Informationsbesonderheit
Der Produkt-Manager muss ein erzeugnisbezogenes Informationssystem gründen. Er sammelt, speichert, analysiert und interpretiert jegliche für sein Erzeugnis relevanten Informationen und bildet ein Erzeugnis-Informations kernstück. Der Produkt-Manager ist sowohl Empfangsort für fabrikatspezifische Daten als gleichfalls Sender in Richtung anderer Funktionalitätsbereiche oder zur Geschäftsleitung.

Initiativbesonderheit
Vom Produkt-Manager sollen die Initiierungen ausgehen, sei es für das Neufabrikatgeschäft oder für die Promotion der im Markt gegenwärtig etablierten Produkte. Er ist der Antreiber, der Ideen ergreift und weiterverfolgt, Maßnahmen zur Gewinnvervollkommnung bzw. Kosteneinsparung (z. B. vermöge Wertanalysen) anregt und Erzeugnisse zeitgerecht aus dem Markt zurückzieht, falls sie chancenlos geworden sind.

Innovationseigenschaft
Jedes Produktprogramm lebt von neuen Ideen. Dies gilt umso mehr in der heutigen Zeit mit dem eilenden Wechsel in den Bedürfnissen und Wünschen der Konsumenten. Die Innovationseigenschaft des Produkt-Managements zeigt sich speziell in der persistenten Anpassung des Angebots abändernde Marktverhältnisse.

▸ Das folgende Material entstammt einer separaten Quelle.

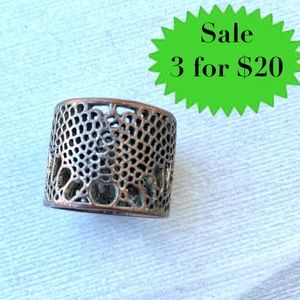 Free people ring patina copper wide band boho vintage jewelry metal cut out gold
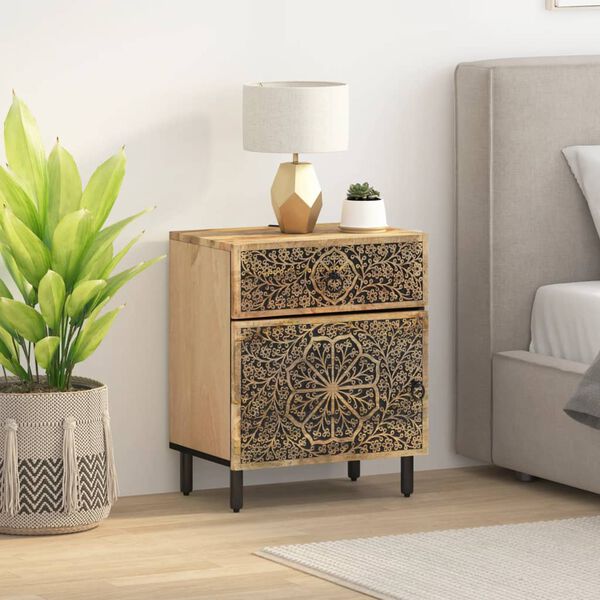 vidaXL Bedside Cabinet 50x33x60 cm Solid Wood Mango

Es ist also unerlässlich, ein vorurteilsfreies Bild über seine Möglichkeiten und Grenzen aus der Sicht der Praxis zu malen. Weder dem Produkt-Manager noch der Unternehmensorganisation kann damit gedient sein, für das Produkt-Management einen Erwartungsraum aufzubauen, der überhaupt nicht oder alleinig bei idealtypischen — und damit praxisfremden — Bedingungen zu erlangen ist. Tauglich erscheint es vielmehr, die realistische Wirkungspalette des Produkt-Managers darzulegen und gleichzeitig die unweigerlich erforderlichen Voraussetzungen für eine schlagkräftige Betätigung aufzuzeigen.